Splits are always a little tough because the endpoints are usually arbitrary and fluctuations always happen. For Owings, it’s even tougher because he’s dealt with injuries yet again this season, limiting his on-field time. He played in 48 games during the first two months of the season, then played in 13 games total during June and July. Since August, he’s played virtually every day again, which makes accounting for the middle two months of the season nearly impossible. The samples are small and we know there were injury issues. For analysis purposes, they’re not very helpful. In his favor, they were also the two worst months of his season. Casting them aside benefits Owings, even if only slightly.

It’s a golden age for shortstops right now. Corey Seager, Francisco Lindor, Carlos Correa, Addison Russell, Xander Bogaerts. The position is deep, and if there’s a place for Owings, it’s probably right there at shortstop. The median wRC+ sits right at league average among qualified shortstops and Owings, without his two disastrous summer months, is basically on pace. Though he doesn’t hit it over the fence very often, he’s racked up 21 doubles and nine triples in limited action. That’s been good for a ISO of .127, which is just shy of Dustin Pedroia and just above Brandon Phillips. Those guys aren’t who they used to be, but they can still hit the ball enough to be MLB regulars, suggesting Owings might be the same — a functional big leaguer.
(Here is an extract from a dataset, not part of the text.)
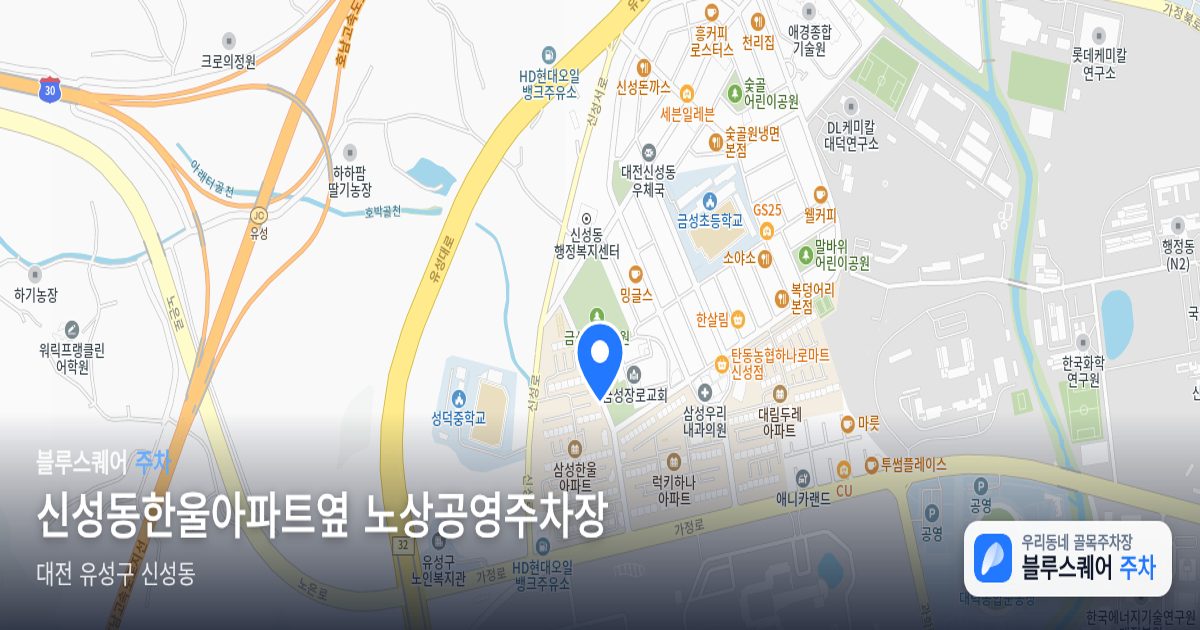 신성동한울아파트옆 노상공영주차장 위치 지도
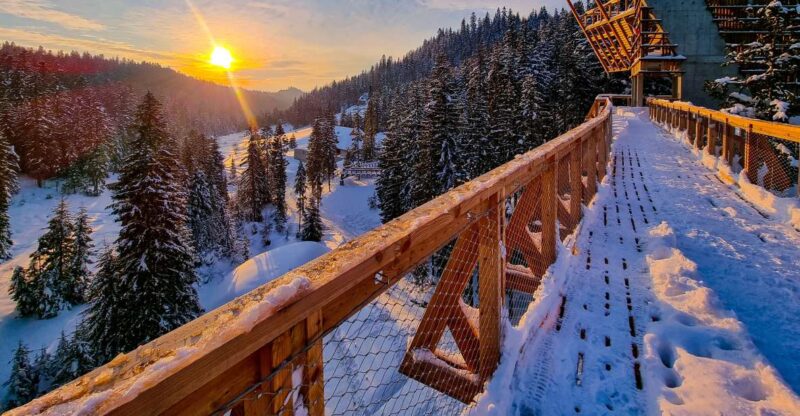 Krakow: Zakopane, Mountains Treetop Walk & Thermal Baths - Key Points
And getting back to this level of production hasn’t been a fluke. He’s cut his strikeout rate to a MLB career low and raised his walk rate every so slightly along the way. The progress has come from real growth. Maturity at the plate takes time to develop, and Owings’ injuries have stolen opportunities to grow. But surely, he’s done so, even if it’s taken some time to get there. Observe his plate discipline.


Owings is still swinging at a lot of pitches in the zone, and that’s a good thing. He’s making a ton of contact on those pitches, too. But he’s cut his swing rate at pitches out of the zone by a wide margin, which tells us that he’s not chasing as much. He makes a fair amount of contact on those pitches when he does swing, which can be helpful when down in the count with two strikes, but avoiding swinging at those pitches in the first place is valuable. He’s learned to control the zone better and it’s paying off.

Things have changed when Owings makes contact, too. An easy plus runner, he’s letting his legs be an asset for him. He’s matched a career high in steals, but he’s also setting new career marks in infield hits. That’s a function of him hitting the ball on the ground more frequently than ever.


Owings is hitting a few fewer line drives, but that’s a stat that’s rarely stable and shouldn’t concern us. What’s important, however, is that he’s hitting far more balls on the ground and fewer in the air. With below average raw power, that’s a good tradeoff for Owings as he’s more than capable or punching the ball through the hole or hitting it to the left side and beating out the long throw. The decreased launch angle has also resulted in his lowest infield pop up rate of his career. He’s avoiding the automatic outs and the balls most often converted to outs while hitting more balls that have a higher probability of becoming hits. That matches up perfectly with is profile.

There aren’t any gimmicks here. Owings isn’t lucking his way into some huge home run totals. He is recording a lofty BABIP (.349), but it’s backed up to some degree by his shift in batted balls. Add in improved plate discipline and there’s at least some reason to believe he can keep this up. For the record, it’s still a league average line at best, and likely one that’s slightly below average, but if it comes at shortstop or in some kind of super utility role, well, that’s pretty good and still something valuable. He will be arbitration eligible next season for the first time, but his salary should be very manageable.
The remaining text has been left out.